NHMDenmark / Mass-Digitizer

Common repo for the DaSSCo team
Apache License 2.0
1 stars 0 forks source link

Import numbers for Pinned insects were off compared to imported directory count #458

Closed jlegind closed 10 months ago

jlegind commented 10 months ago

What is the issue ?

The count line numbers command that was run on the 3.Imported specify directory yielded a greater number than the count made in Specify UI "queries".

Detailed description of the issue.

We want the number of records in the 3.Imported specify directory to match the number we see when querying Specify. The number of Specify pinned insects with project name 'DaSSCo' is slightly lower than the count from the 3. Imported directory.

Estimate level of effort required.

difficult (and it turned out to be that)

What is the expected acceptable result.

That the count on the directory and the Specify DB track each other.

It might also be an idea to put some pseudocode if relevant.

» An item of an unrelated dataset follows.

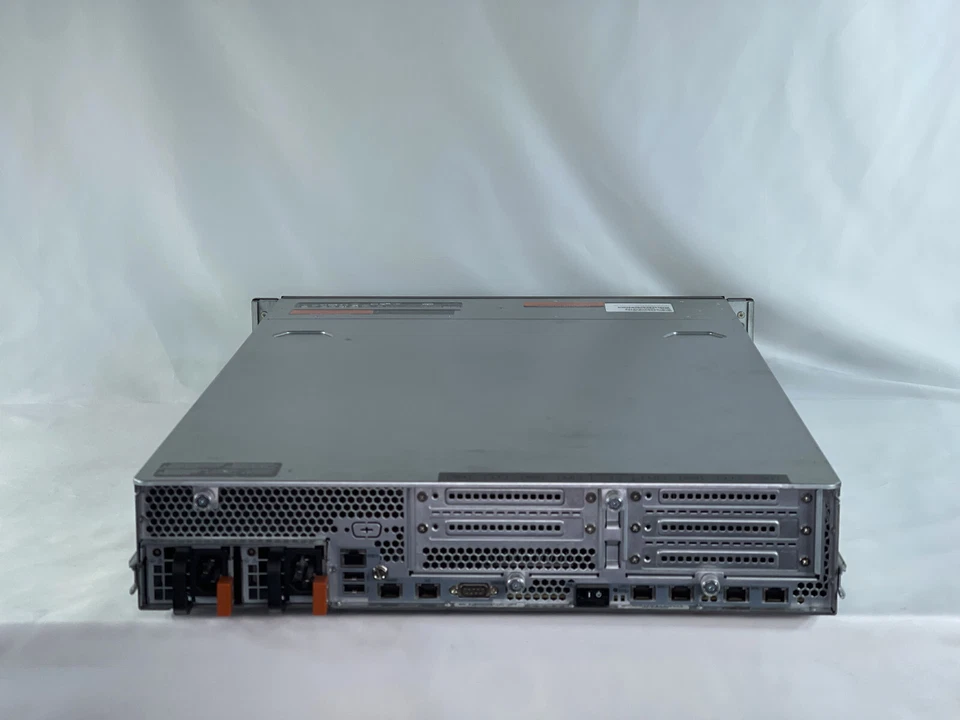 Riverbed SteelHead CX 7055 WAN Optimizer 622 Mbps L Spec License PSU Bezel Rails - Image 4 of 4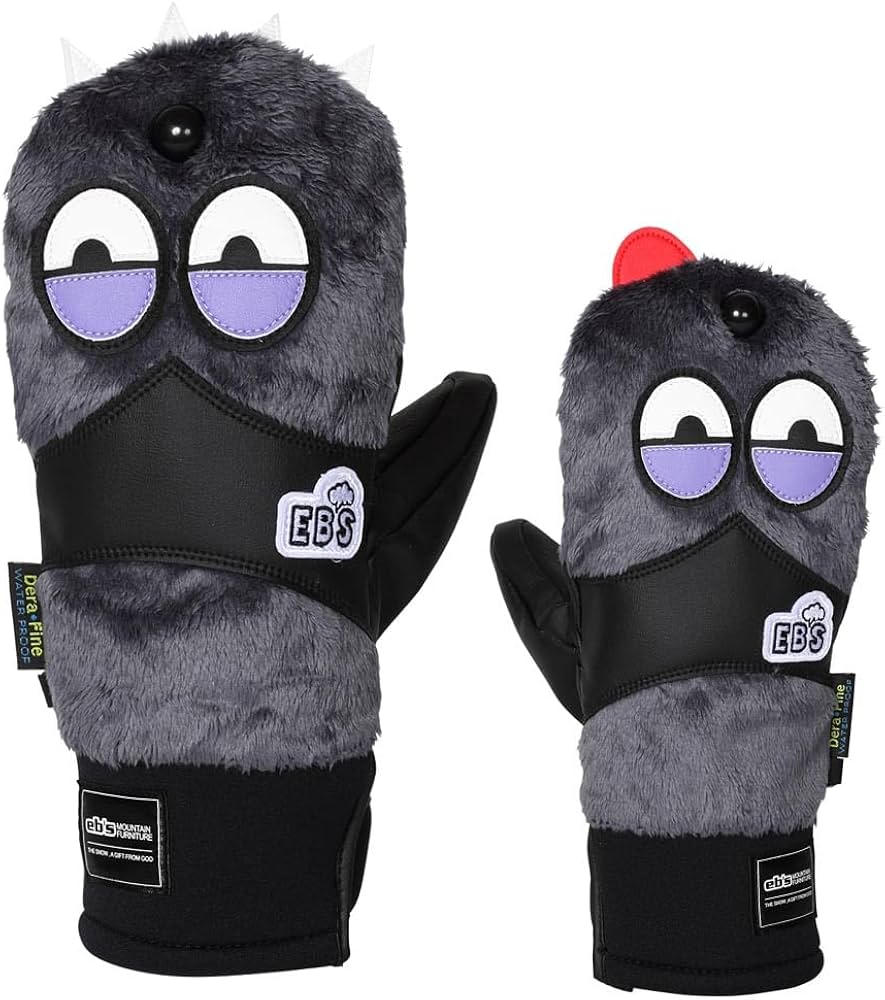 Amazon | エビス(ebs) ハルサキミット ケモノチャン ミトングローブ Amazon | エビス(ebs) ハルサキミット ケモノチャン ミトングローブ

Powershell code below produces a count for each dataset in the directory of type .tsv


 Get-ChildItem  *.tsv |
     Select-Object -Property @(
         'FullName'
          @{ Name = "LineCount"; Expression = {
              (Get-Content -Path $_.FullName | Select-Object -Skip 8 | Measure-Object).Count
          }}
     ) |
     Export-Csv output.csv -NoTypeInformation
jlegind commented 10 months ago

The numbers for Pinned insects are correct now. The issue turned out to be a single pinned insects file that was not imported into Specify. It is characteristic in that the suffix is '.csv' and not '.tsv'.